From Wikipedia, the free encyclopedia
Bernardino India - Cavalry parade I, sanguine

Bernardino India (1528–1590) was an Italian painter of the late Renaissance, born and mainly active in Verona.

Life[edit]

Born in Verona in 1528, his widowed mother married again in 1545 and Bernardino was then entrusted to his maternal grandparents, Caterina and Bernardino India, and came to take their surname. He is said to have trained with Domenico Riccio.[1]

Between 1550 and 1555, he worked with Eliodoro Forbicini on two rooms on the ground floor of the Palazzo Canossa in Verona, decorating them with Olympic divinities and grotesques, an extravagant style of ancient Roman decorative art rediscovered at Rome at the end of the fifteenth century and subsequently imitated. In 1552, India moved to Vicenza to decorate the palace that Marcantonio Thiene had just had built by Andrea Palladio.[1]

Conversione San Paolo, 1584

In 1555, he married Anna degli Stivieri. That same year he collaborated with Felice Brusasorci, Domenico's son, in a cycle of frescoes painted in 1555 on the southern facade of the Palazzo Fiorio della Seta, commissioned by the Veronese merchant Fiorio dei Flori. Intended to celebrate the cities of the Mainland where the silk industry flourished, they are now preserved at the Civic Museums of Verona.[2]

He decorated Palladian villas such as Villa Pojana,[3] Villa Foscari (also known as La Malcontenta) where Giovanni Battista Zelotti also worked. He worked on the small octagonal ceiling of the Palazzo Dalla Torre in Verona.[1]

Sometime between 1560 and 1570, India painted a fresco depicting Coriolanus receiving the Roman matrons for the Palazzo Da Lisca near Santa Maria in Organo. He created altarpieces, some of were executed by India with Orlando Flacco, including a lost altarpiece for S. Zeno from 1563, the preparatory drawing of which is preserved in the National Gallery of Art in Washington. In 1566 the Verona City Council commissioned them to paint a canvas for the Council loggia. Also from 1566 was an altarpiece, lost, for S. Luca in Verona, now known only from photographs.
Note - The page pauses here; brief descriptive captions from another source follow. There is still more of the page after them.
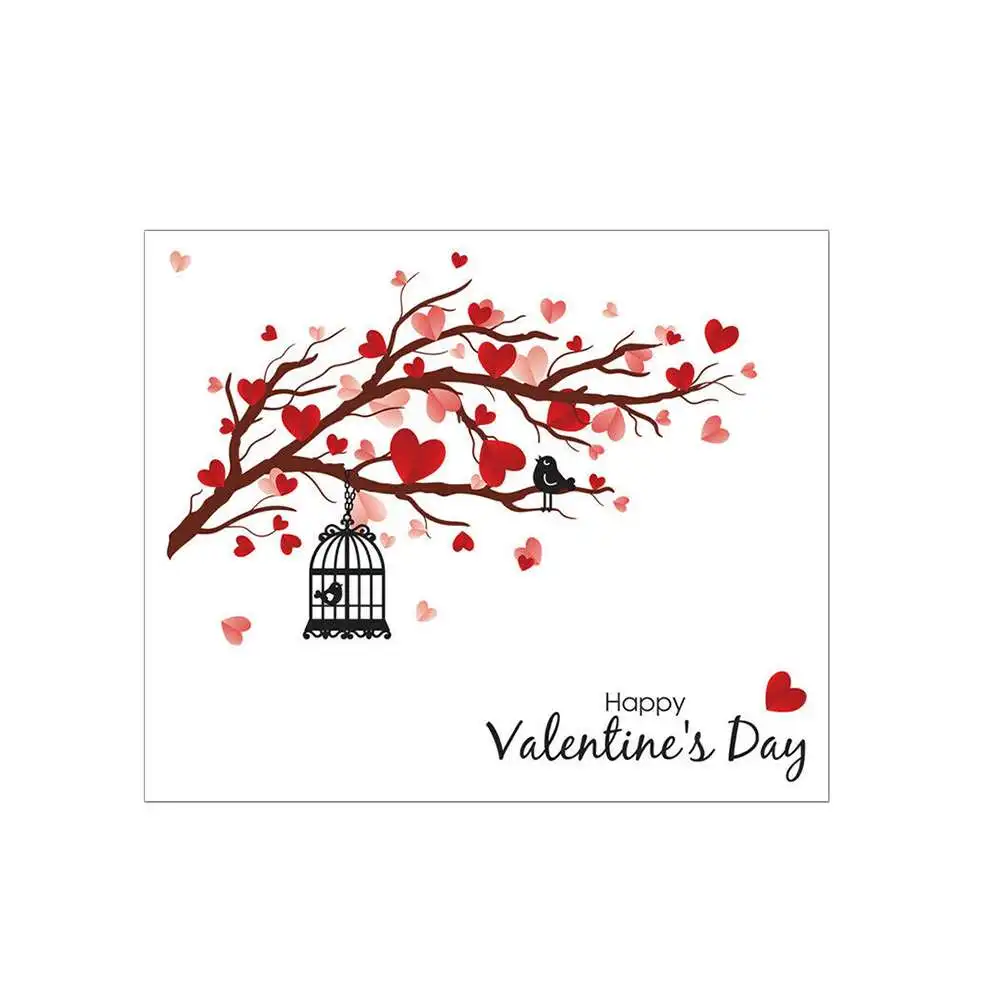 Красивые любящее сердце наклейки на стену ветки дерева цветка птиц ветке съемные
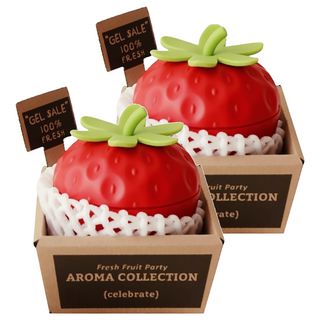 沐慕家居 水果造型室內香氛膏 PP材質 寬7-8cm 高8-12cm, 草莓香味, 160g, 2個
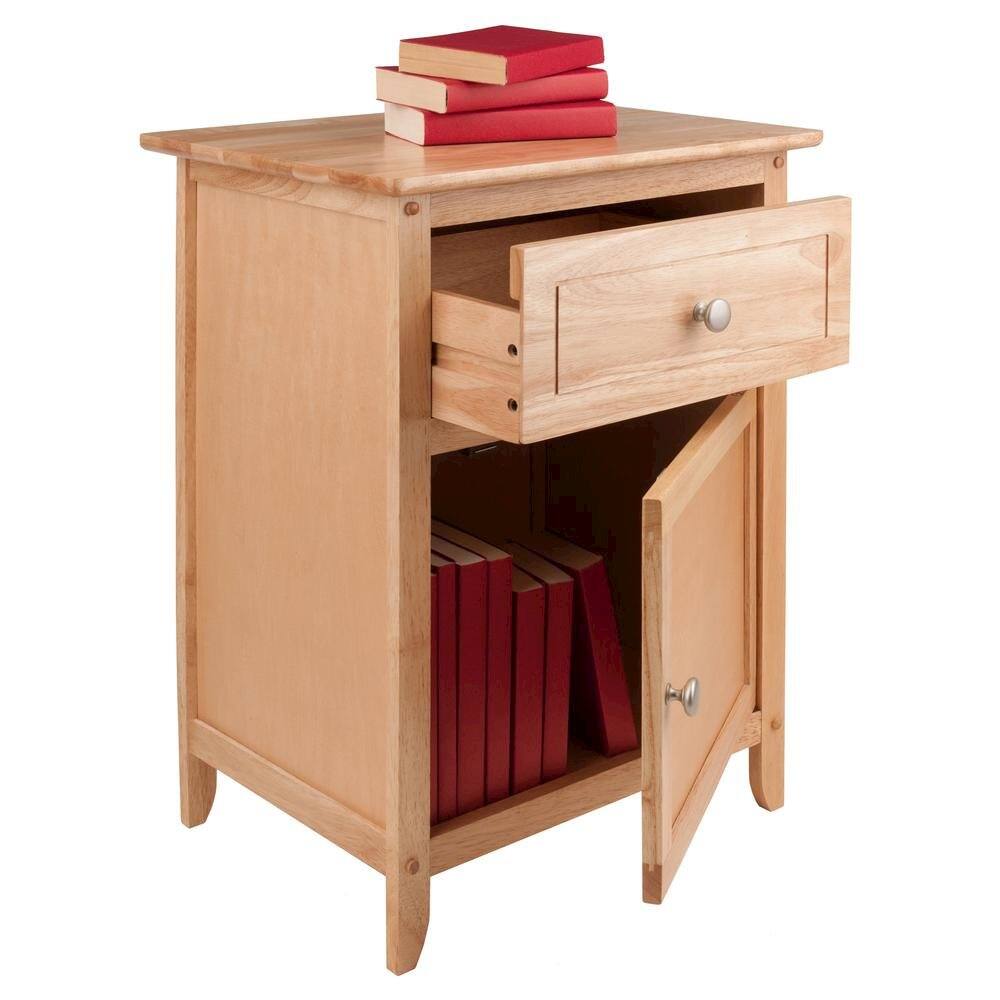 Alt View 2. FurniFact - Natural Accent Table with Drawer and Cabinet - Natural.
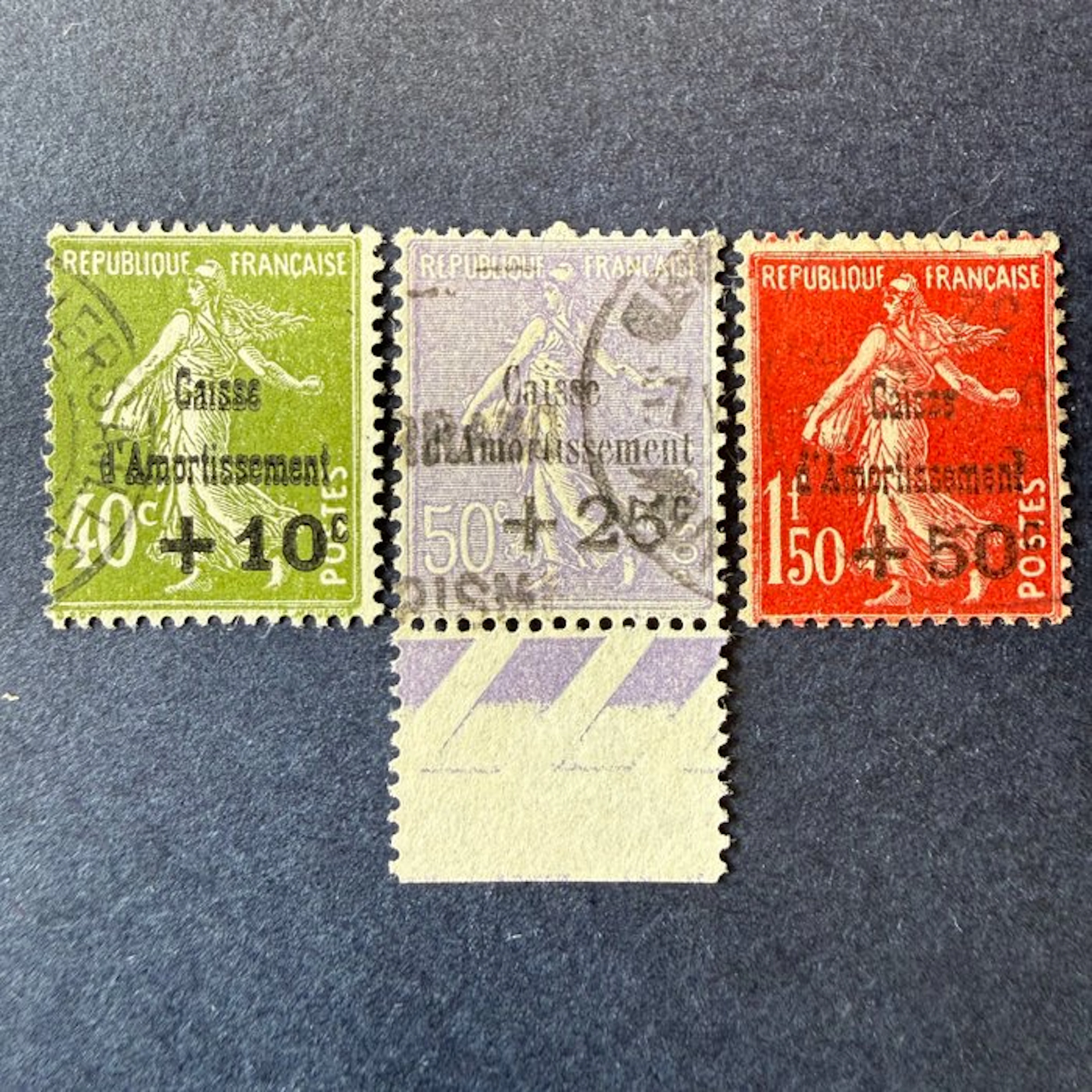 France - Yvert 275/277 "Caisse Amortissement" cancelled. Very Fine.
Around 1570, India decorated the organ of S. George in Braida with Biblical characters. In 1572, he provided a Nativity for the altar of the Franco counts in the church of San Bernardino of Verona. In 1576, he did a Virgin enthroned the saints Giovanni Battista and Rocco for the parish church of St. Andrew in Sommacampagna.

He collaborated on Michele Sanmicheli's Pellegrini chapel in San Bernardino. The 1579 altarpiece, by India, depicts the Madonna with Child and St. Anne.[4][5] In 1584, he completed a Conversion of Saint Paul for Santi Nazaro e Celso.
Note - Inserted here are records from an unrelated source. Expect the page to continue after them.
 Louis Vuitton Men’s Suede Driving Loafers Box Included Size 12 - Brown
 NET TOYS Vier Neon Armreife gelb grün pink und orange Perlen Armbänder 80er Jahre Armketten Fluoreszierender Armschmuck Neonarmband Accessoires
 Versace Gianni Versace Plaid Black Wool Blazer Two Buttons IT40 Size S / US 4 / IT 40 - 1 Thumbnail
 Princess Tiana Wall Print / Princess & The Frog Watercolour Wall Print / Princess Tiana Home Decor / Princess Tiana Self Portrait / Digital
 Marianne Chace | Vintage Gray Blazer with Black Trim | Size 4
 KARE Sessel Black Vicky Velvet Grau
India died in Verona in 1590.

References[edit]

  1. ^ a b c Serafini, Alessandro. "India, Bernardino", Dizionario Biografico degli Italiani - Volume 62 (2004)
  2. ^ Redazione. "Verona, restoration of Bernardino India's Allegories at Juliet's Tomb completed", Finestre sull' Arte, July 5, 2019
  3. ^ Muraro, Michelangelo; Paolo Marton. Venetian Villas. Könemann. p. 134. ISBN 3-89508-242-2.
  4. ^ "Church of San Bernardino", CurateND
  5. ^ Breve notizia storica della chiesa di S. Bernardino di Verona, Stamperia Vescovile, Verona, 1845, p. 6
  • Freedberg, Sydney J. (1993). Pelican History of Art (ed.). Painting in Italy, 1500-1600. Penguin Books Ltd. p. 564.